→ Records from a dataset
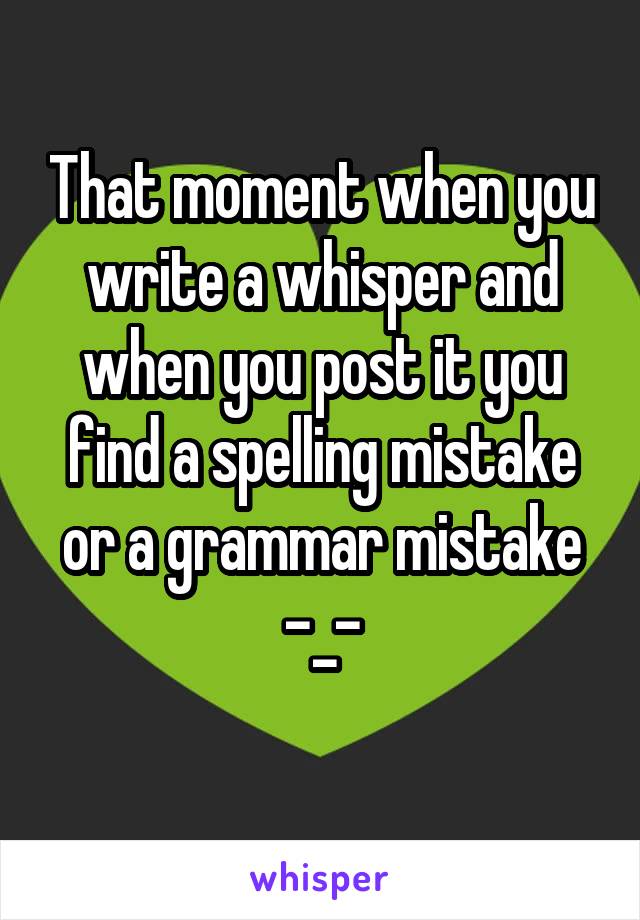 That moment when you write a whisper and when you post it you find a spelling mistake or a grammar mistake -_-
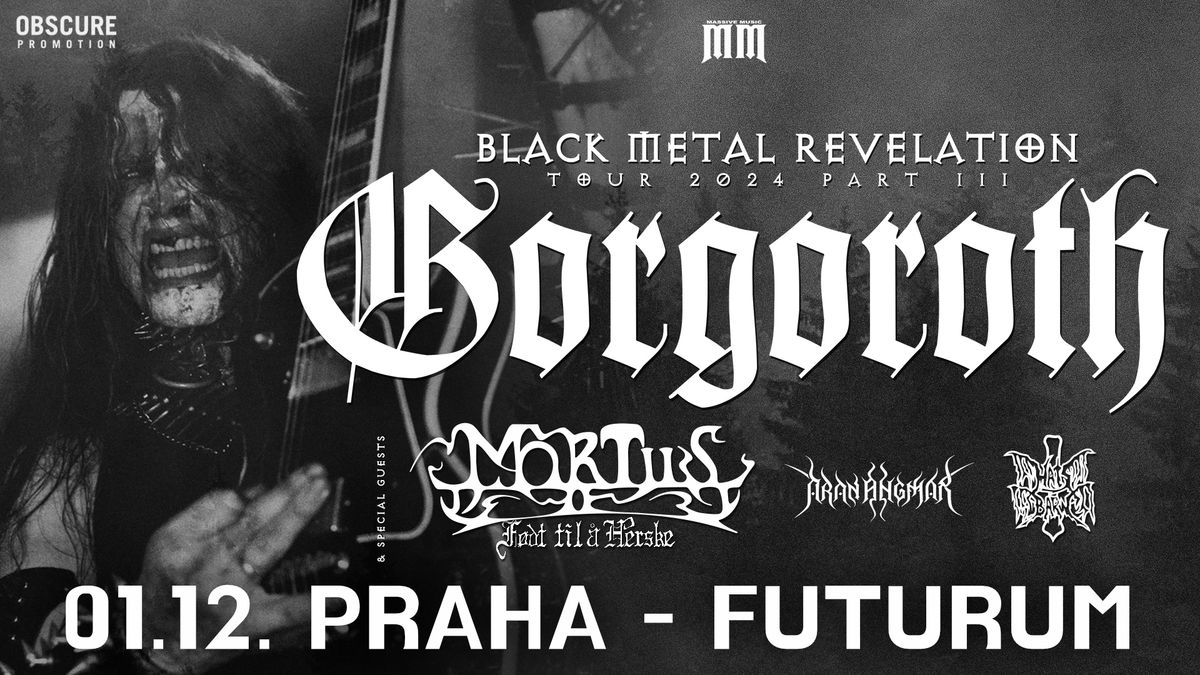 GORGOROTH, MORTIIS, Aran Angmar, Hats Barn - Praha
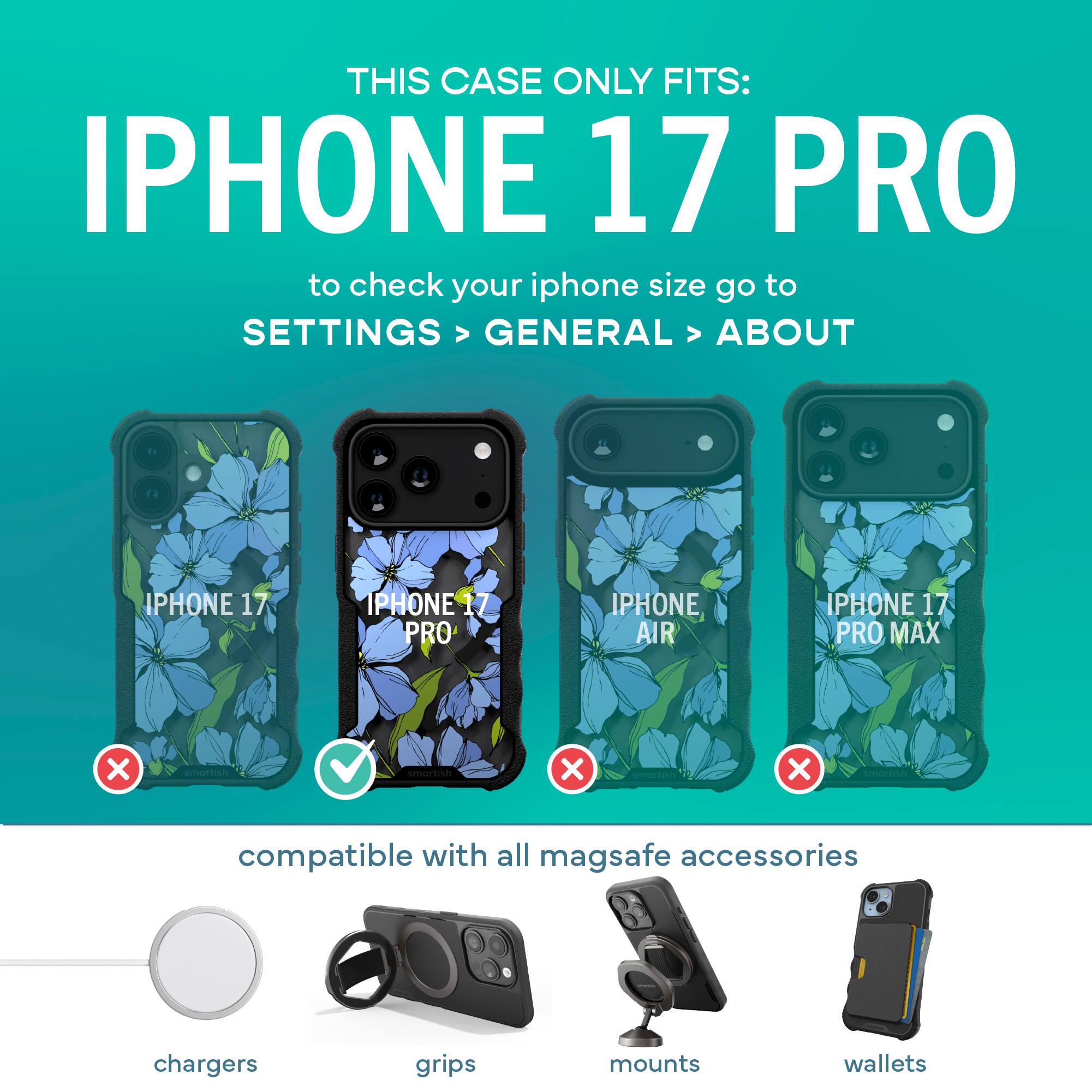 THIS CASE ONLY FITS: IPHONE 17 PRO

to check your iphone size go to SETTINGS > GENERAL > ABOUT

IPHONE 17 PRO

compatible with all mag safe accessories

chargers grips mounts wallets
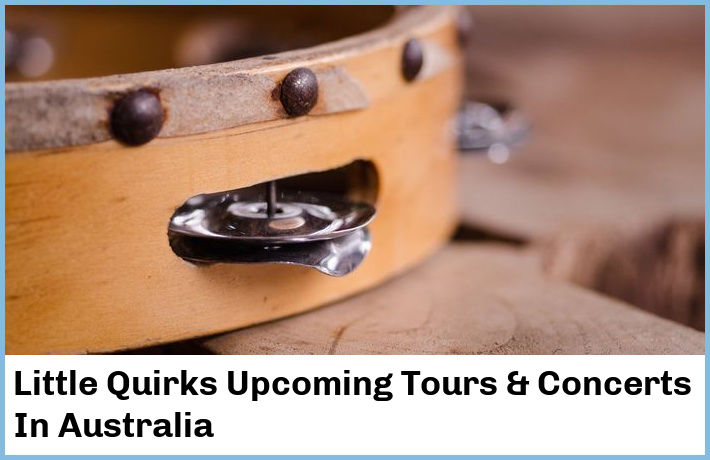 Little Quirks Upcoming Tours & Concerts In Australia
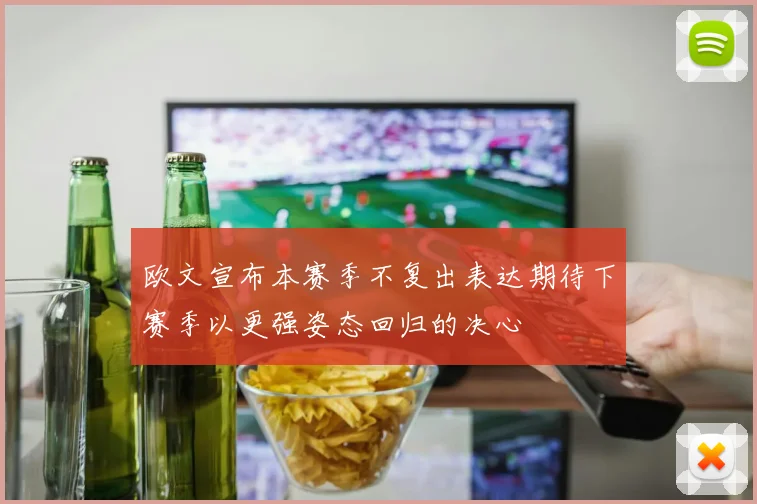 欧文宣布本赛季不复出表达期待下赛季以更强姿态回归的决心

→ WORK TASK
Retype the records above word for word, from their first line through the line containing "Little Quirks Upcoming", and leave out every picture.

→ ANSWER TO THIS PROBLEM
 That moment when you write a whisper and when you post it you find a spelling mistake or a grammar mistake -_-
 GORGOROTH, MORTIIS, Aran Angmar, Hats Barn - Praha
 THIS CASE ONLY FITS: IPHONE 17 PRO

to check your iphone size go to SETTINGS > GENERAL > ABOUT

IPHONE 17 PRO

compatible with all mag safe accessories

chargers grips mounts wallets
 Little Quirks Upcoming Tours & Concerts In Australia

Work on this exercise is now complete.